**ASSIGNED TASK:** Copy exactly. Include the line containing "Italy Trentino Alto", every line after it, and the last line below, but no pictures.

((

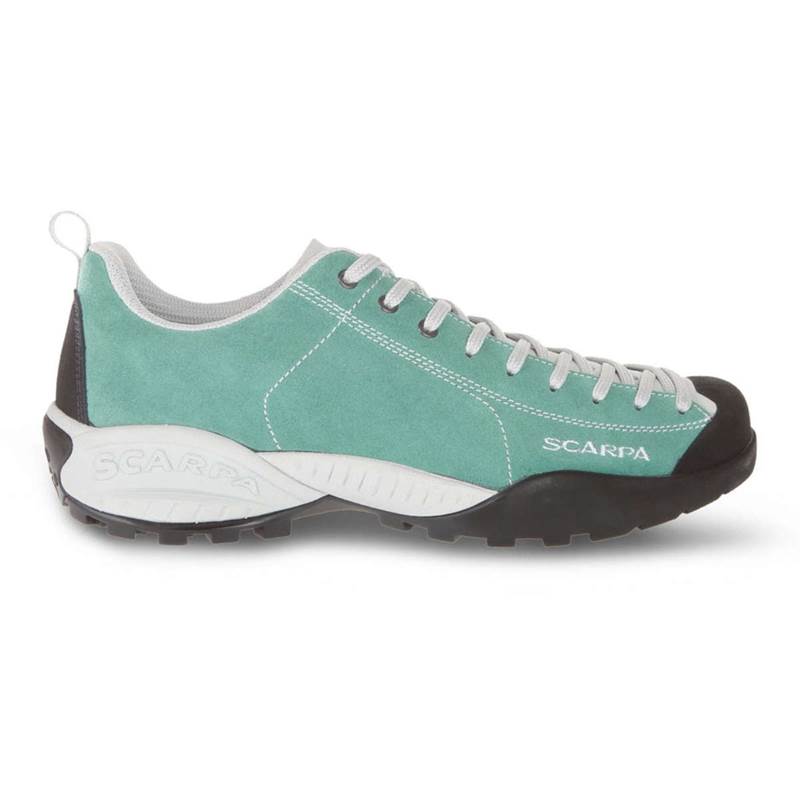 Scarpa Mojito Womens Leisure Shoes-2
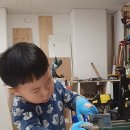 내맘대로놀이연구소미술학원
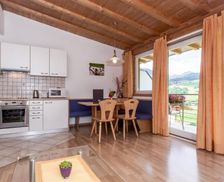 Italy Trentino Alto Adige Funes vacation rental compare prices direct by owner 18556195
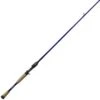 St. Croix CANNE CASTING ST CROIX LEGEND TOURNAMENT PIKE CLASSIC JERK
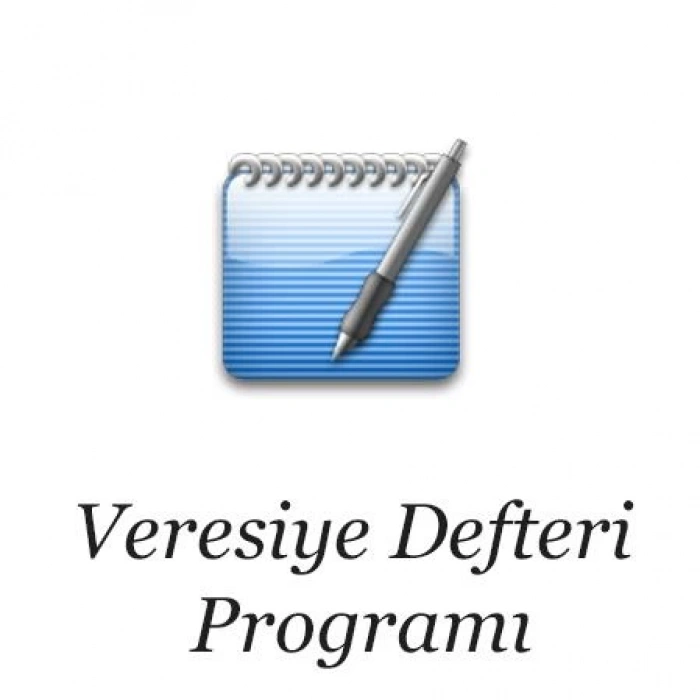 Ak Tahsilat - Tahsilat Programı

))

**RESULT OF THE EXERCISE:**
 Italy Trentino Alto Adige Funes vacation rental compare prices direct by owner 18556195
 St. Croix CANNE CASTING ST CROIX LEGEND TOURNAMENT PIKE CLASSIC JERK
 Ak Tahsilat - Tahsilat Programı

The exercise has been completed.